UFO Mushroom Invasion does exactly what it says on the tin. Mushrooms from a UFO invade. This isn't as daft as it sounds, and despite its age (it was originally published in 1976) and very dated art style, UFO Mushroom Invasion is genuinely unsettling and creepy. Author Marina Shirakawa intersperses his chapters with relevant factual titbits about biology and folklore that helps to build a sense of looming dread, of inescapable catastrophe.

Aoki and his teacher are mere ciphers, headstrong student and stoic teacher. We learn almost nothing about them, their function is to be generic everyman witnesses to extraordinary events. I can't help but compare the opening chapters to the cheesy 1950's movie version of The War of the Worlds, though we soon enter far darker, weirder territory.

Anyone familiar with videogame/TV franchise The Last of Us will know how this goes – there's even a reference here to a Cordyceps-like fungus that controls its hosts, and the later appearance of fungal-infected zombie people, complete with mushrooms growing from their bodies.

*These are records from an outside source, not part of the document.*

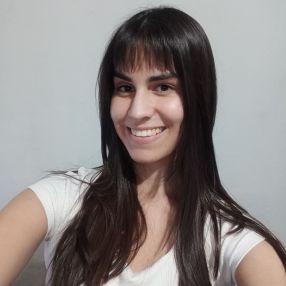 Cande, Niñera en Villa Udaondo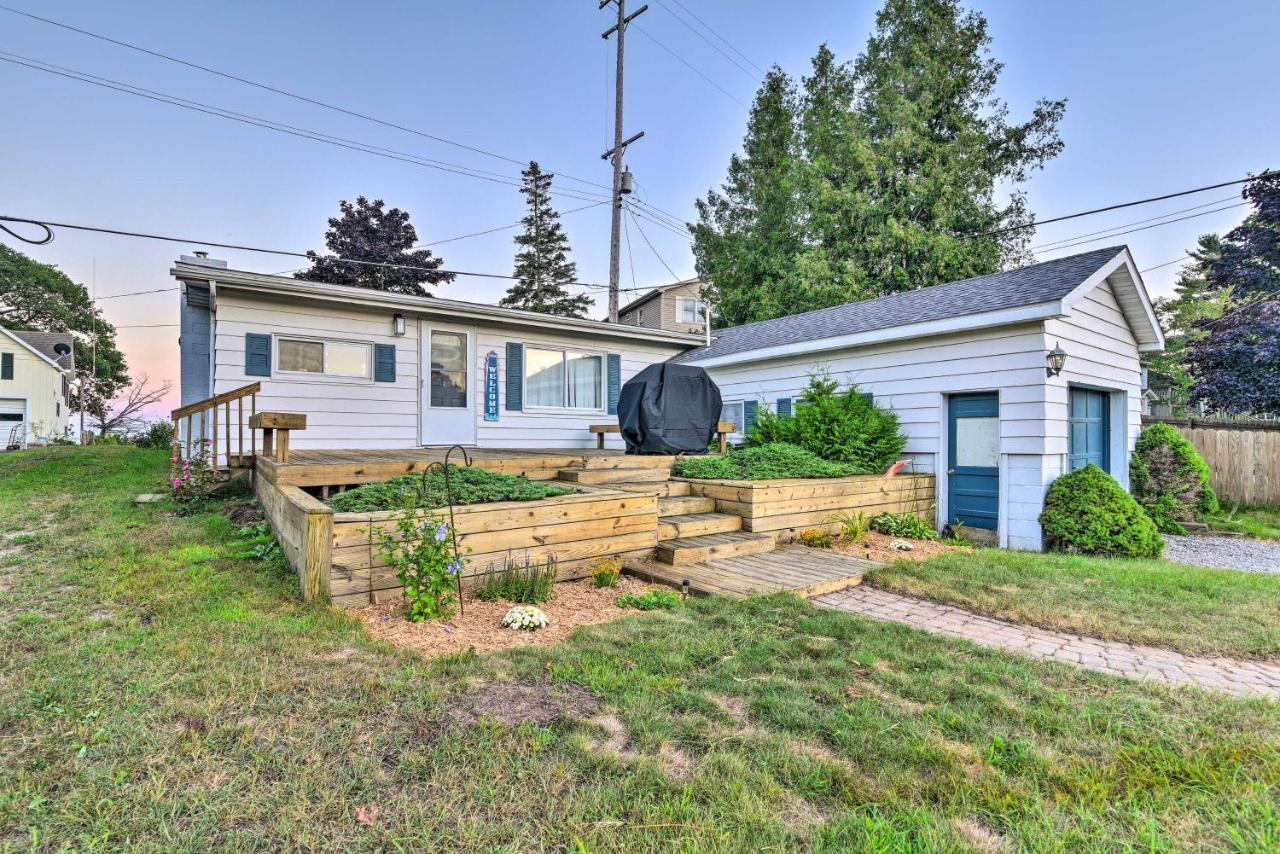 East Tawas Cabin With Lake Huron Access And Views Ngoại thất bức ảnh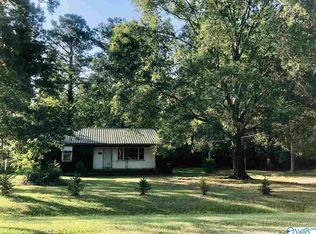 3466 Greenview Ave, Rainbow City, AL 35906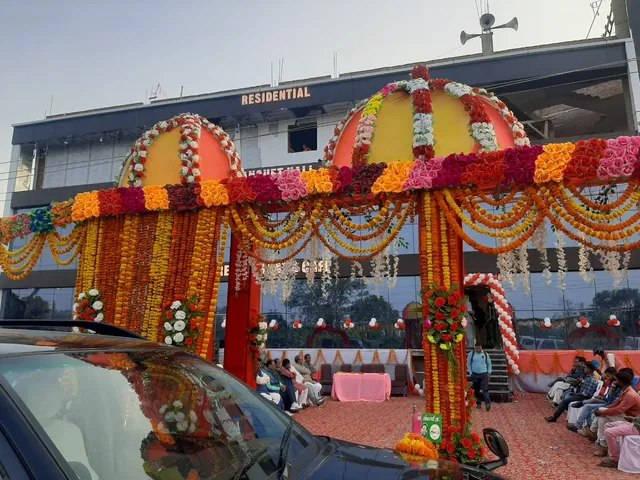 Anamika International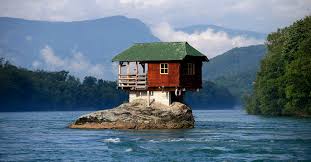 Unusual Homes Around The World The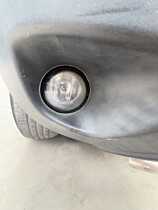 Proiector Ceata Stanga Dreapta de pe Bara Spoiler Fata Renault Koleos 2008 - 2013 Cod 261500097R [Q6833]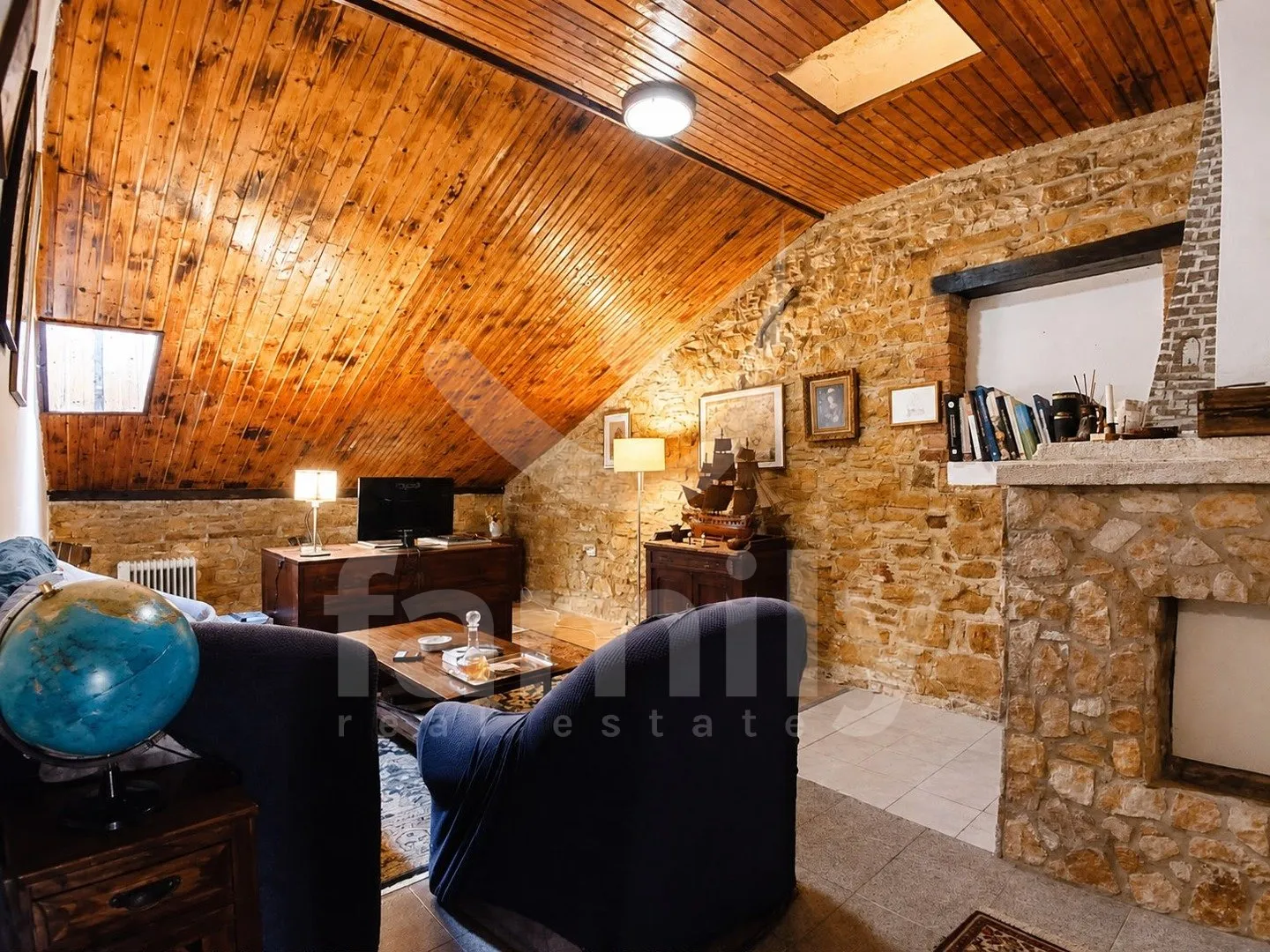 prodaja-trosoban stan u strogom centru pule - slika 12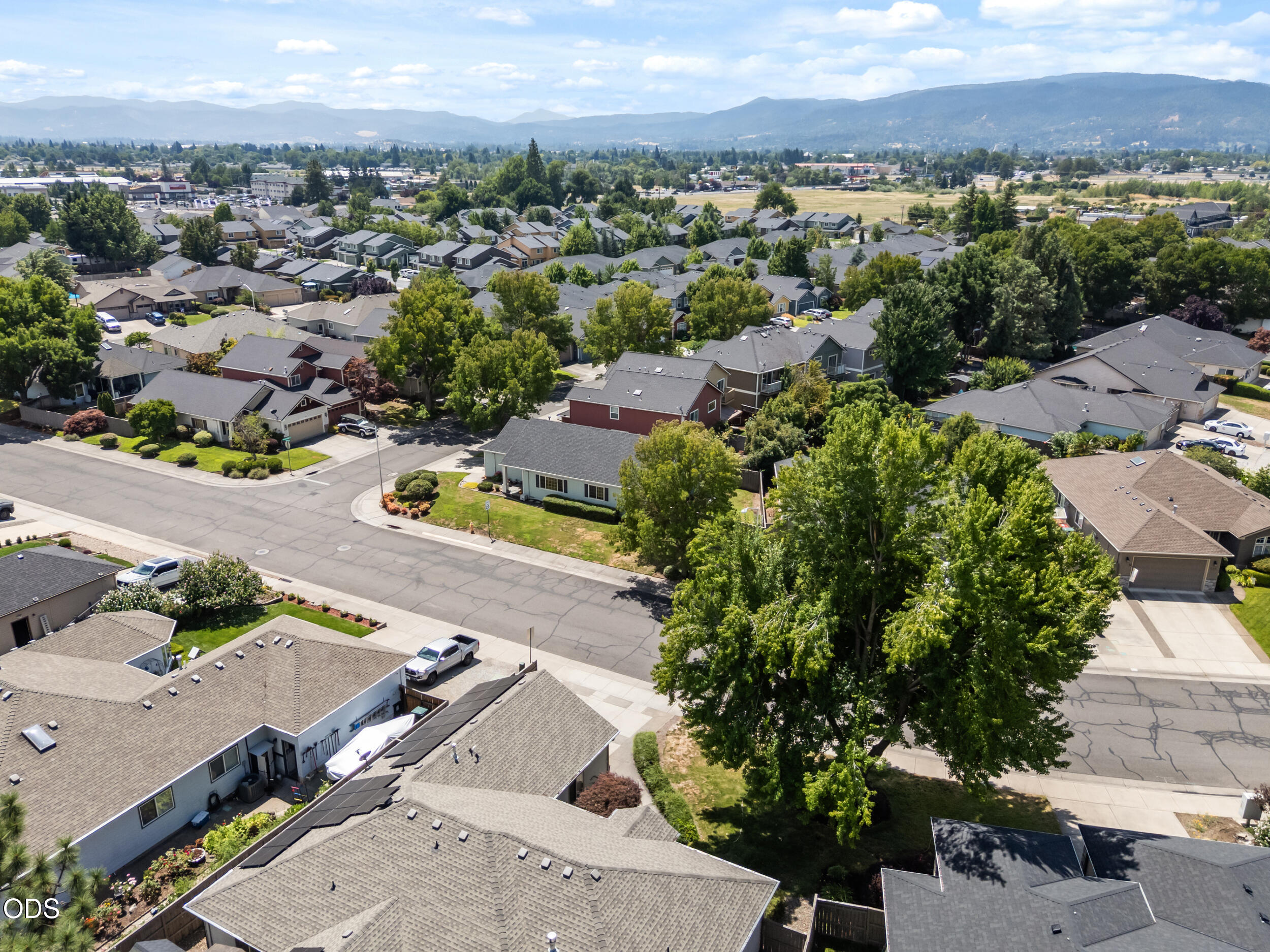 2783 Parkwood Village Lane
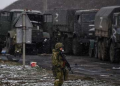 Rusia informa que un dron dejó caer un contenedor con ampollas sobre las posiciones de las tropas rusas en Ucrania.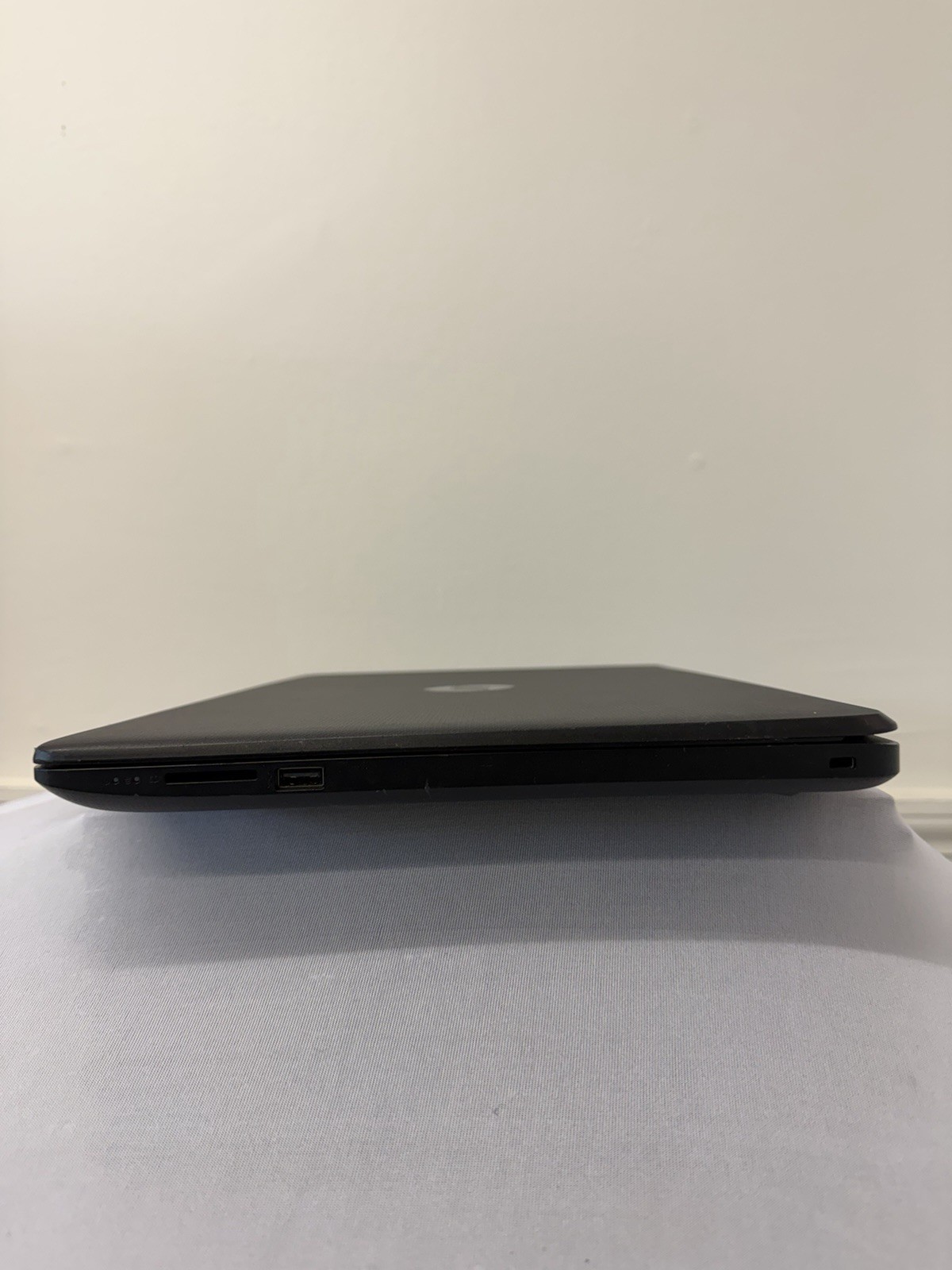 HP Laptop 15-65289wm – Good Screen – Intel Pentium Silver N5000 – Read Des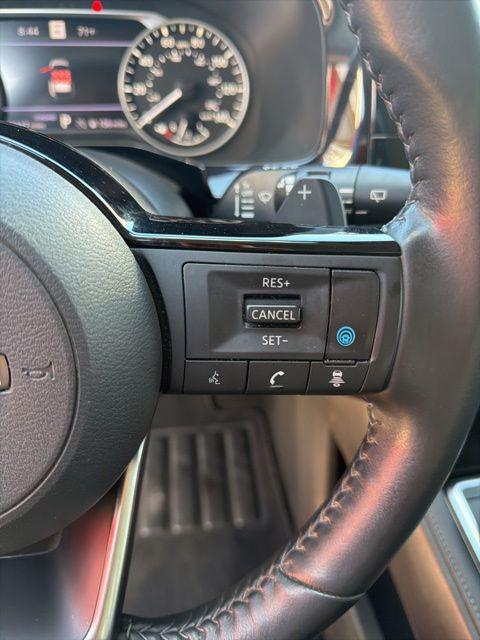 2023 Nissan Pathfinder SL FWD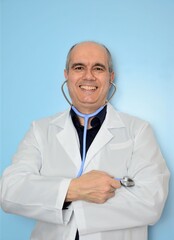 Arzt mit Stethoskop lächelt
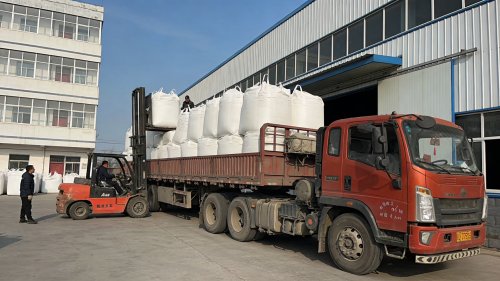 绍兴吸水树脂制造厂厂区装车作业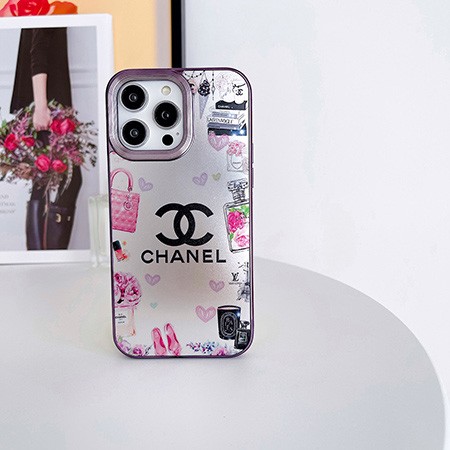 アイフォーン 15plus スマホケース chanel 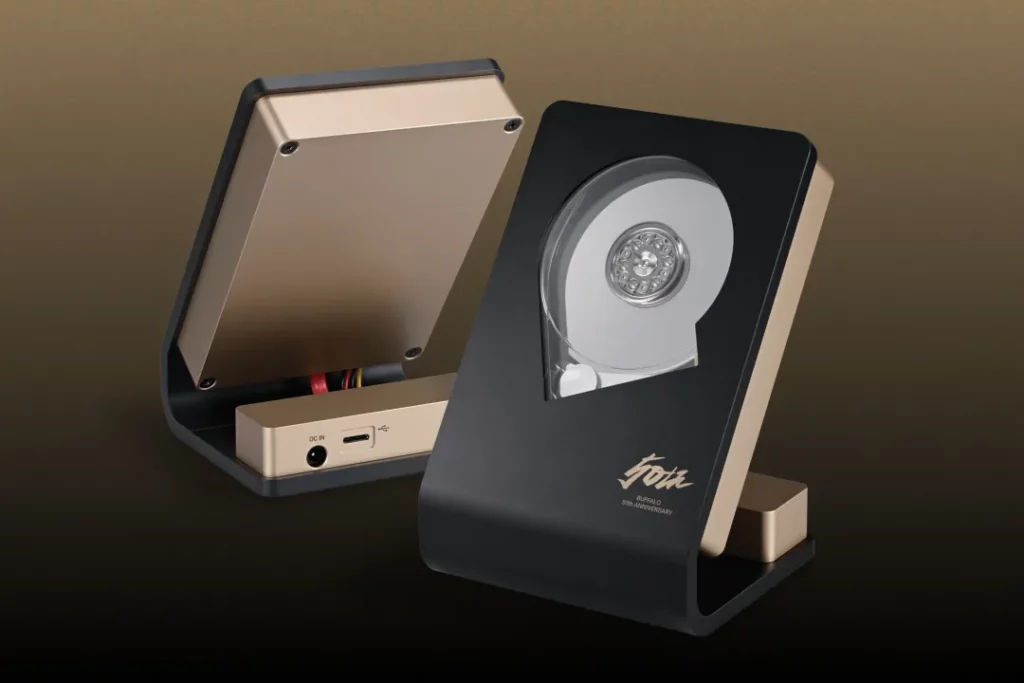 رونمایی از هارد دیسک شفاف Skeleton Hard Disk به مناسبت پنجاهمین سالگرد تأسیس بافلو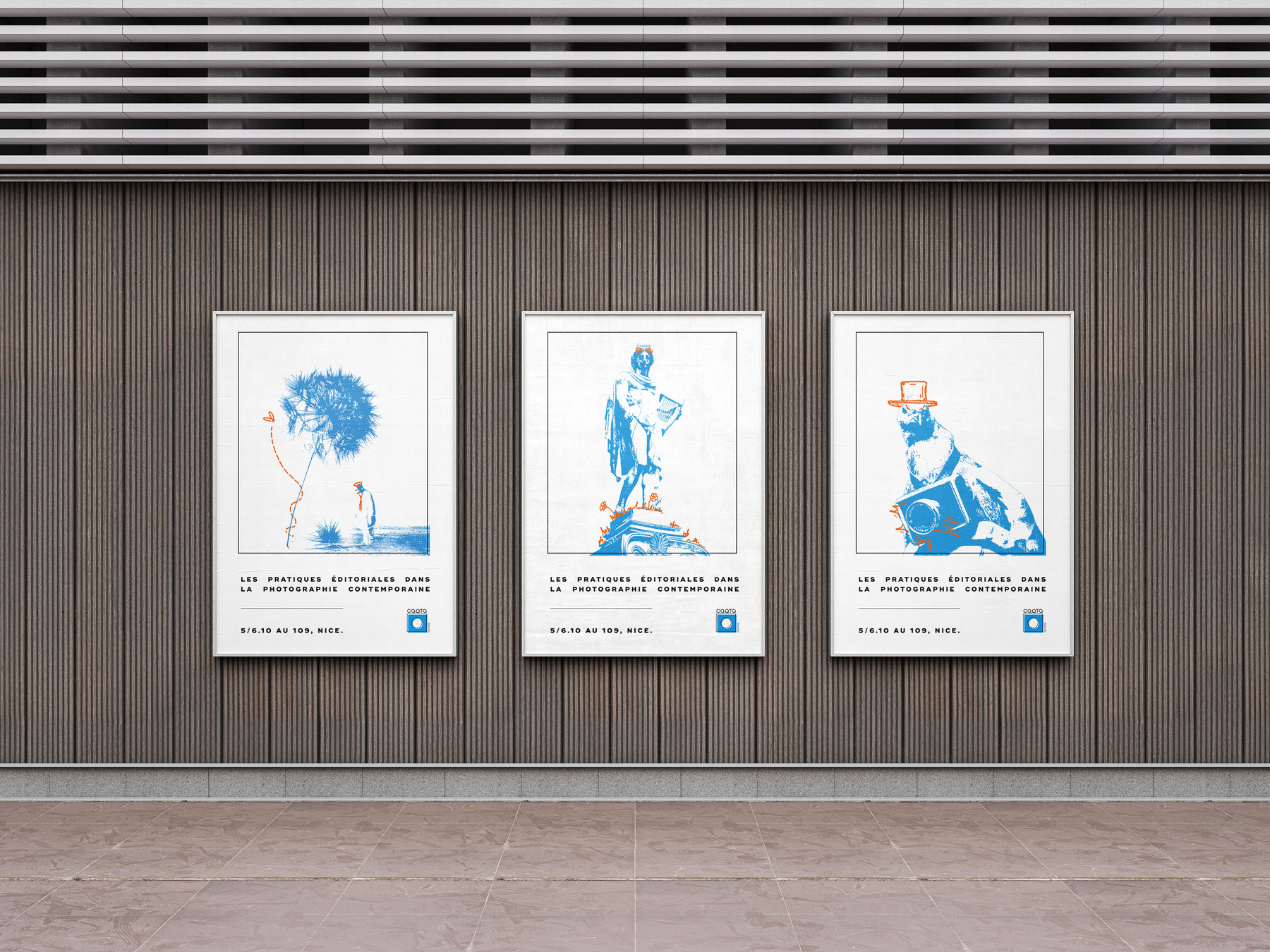 Les trois affiches Carta encadrées sur un mur en bois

What's different about UFO Mushroom Invasion compared to its later equivalents is in its nilhilsm. Even The Last of Us contains a seed of hope for humanity, not so here. In one particularly powerful scene, Aoki is told by a mushroom-infected adult to give in to the fungal invaders, to surrender his body to the soil of the warm Earth. This is a dark fable, an early musing on the Dark Forest hypothesis recently popularised by Cixin Liu's Three Body Problem. If aliens really are out there, we don't want them to know about us, because the moment they do, all life on Earth will change (end).

Full of arresting imagery, fascinating science and folklore, UFO Mushroom Invasion is considered a horror manga classic for a reason. Mushroom fans (looking at you, Lynzee), should definitely pick this up.